_Try it_
Output range, inclusive: from the line containing "4Pcs Transparent Eye" to the line containing "cartoon fish and". Restate those lines from the data below word for word and only those.

_The data_
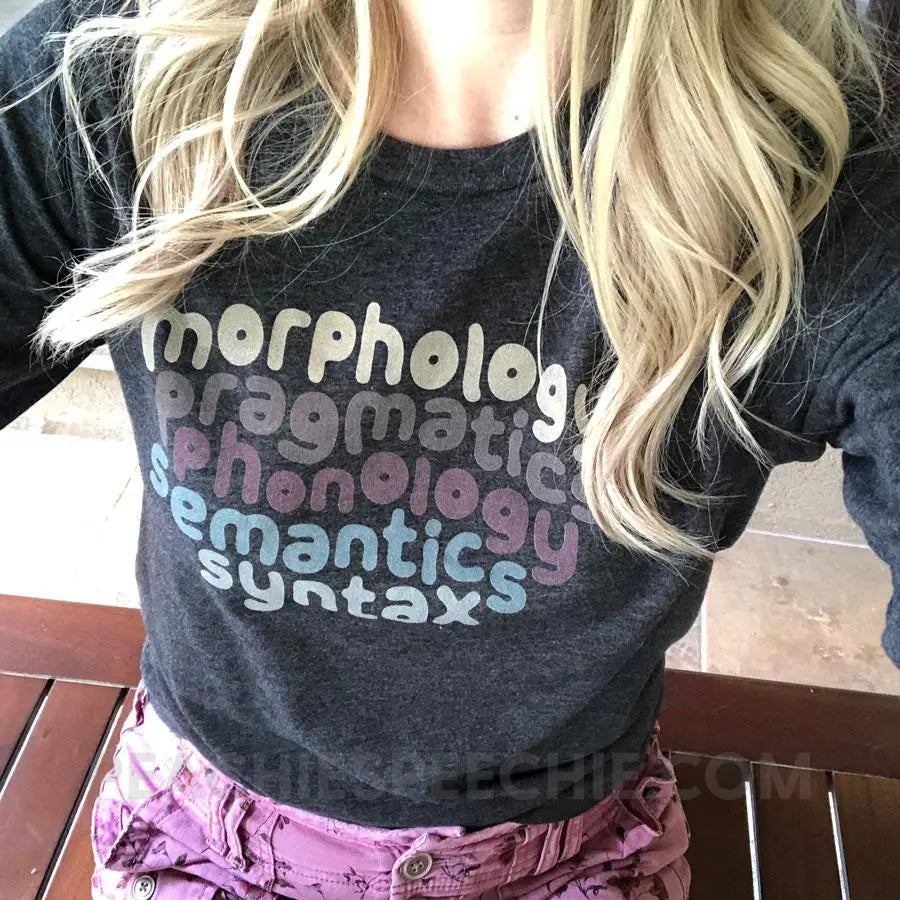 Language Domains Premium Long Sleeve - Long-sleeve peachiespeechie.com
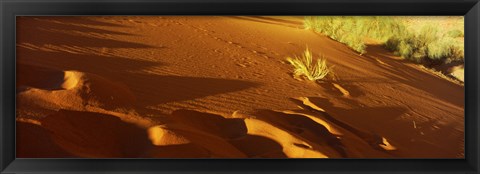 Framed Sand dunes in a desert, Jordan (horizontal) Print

...

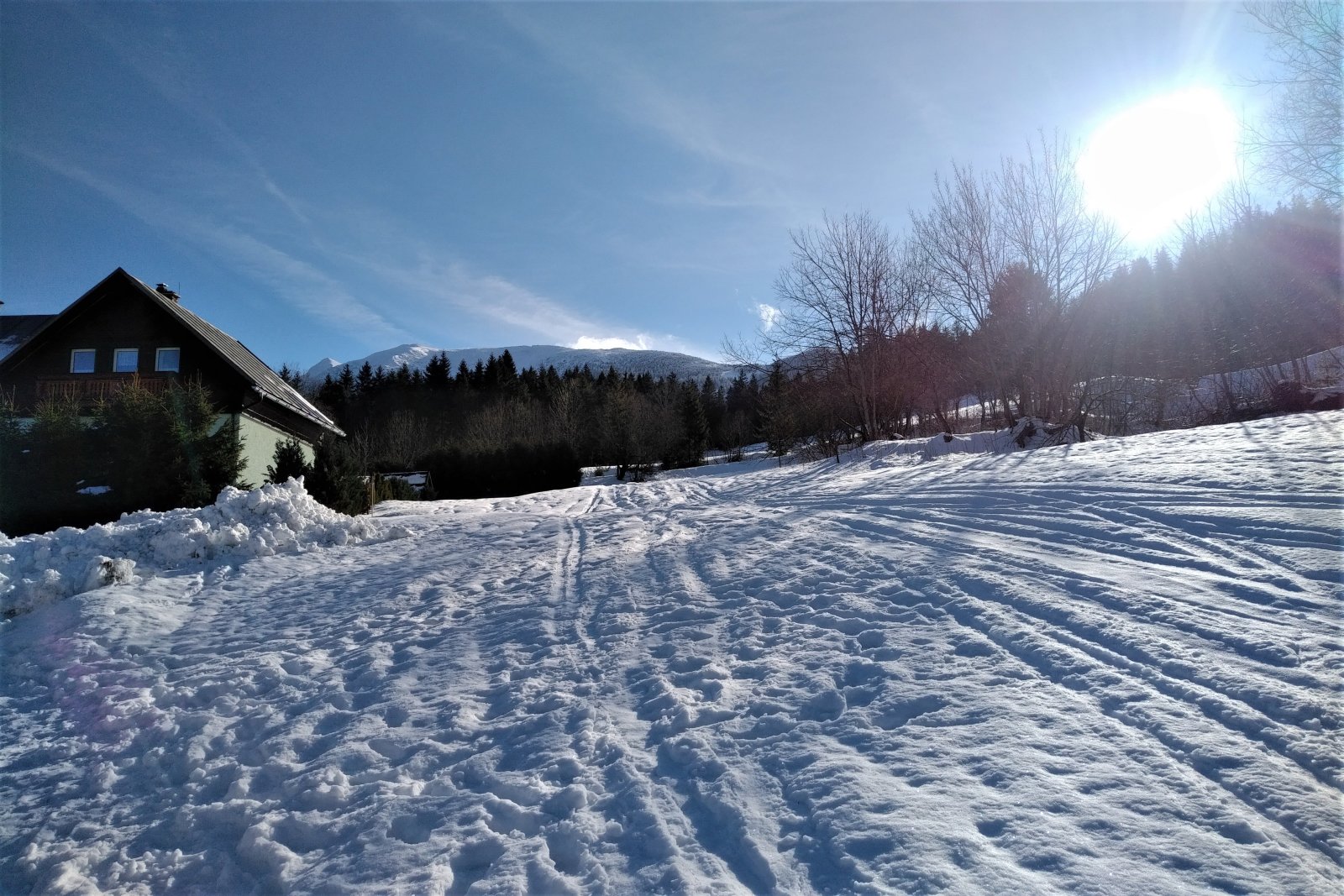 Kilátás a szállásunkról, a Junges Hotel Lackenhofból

==

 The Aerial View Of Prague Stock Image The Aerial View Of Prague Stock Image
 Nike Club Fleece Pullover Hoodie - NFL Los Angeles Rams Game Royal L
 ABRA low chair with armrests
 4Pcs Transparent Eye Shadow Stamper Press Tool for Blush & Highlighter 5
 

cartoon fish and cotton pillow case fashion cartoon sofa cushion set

_Reply_
 4Pcs Transparent Eye Shadow Stamper Press Tool for Blush & Highlighter 5
 

cartoon fish and cotton pillow case fashion cartoon sofa cushion set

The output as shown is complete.